Mark Owen singles chronology
| "Alone Without You" (2003) | "Makin' Out" (2004) | "Believe in the Boogie" (2005) |

= Makin' Out =

"Makin' Out" is the first single to be released from Take That band member Mark Owen's independently released third solo album, How the Mighty Fall.
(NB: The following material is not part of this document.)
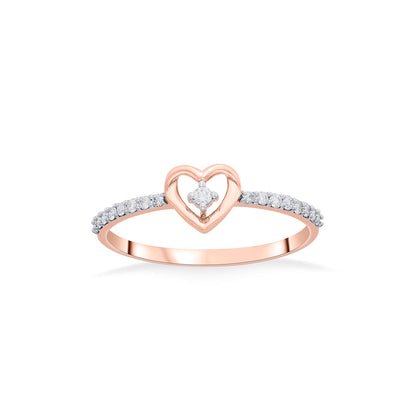Heart Halo Diamond & Gold Heart Ring for Women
The single was released on 7 June 2004. The single peaked at #30 on the UK Singles Chart, and in an interview with BBC Radio 1, Owen blamed this upon poor promotion. "Makin' Out" became the most successful of Mark's independently released singles.

==Track listing==
- UK CD single #1
1. "Makin' Out" – 3:50
2. "Good For Me" – 4:11

- UK CD single #2
3. "Makin' Out" – 3:50
4. "Makin' Out" [Demo Version] – 3:18
5. "Makin' Out" [Enhanced Video – Seven Minute Short Film Version] – 7:00

==Chart performance==

| Chart (2004) | Peak Position |
|---|---|
| Scottish Singles Sales (Official Charts) | 29 |
| UK Singles (Official Charts) | 30 |

==Covers==
Pomplamoose covered this song on their album "Tribute to Famous People."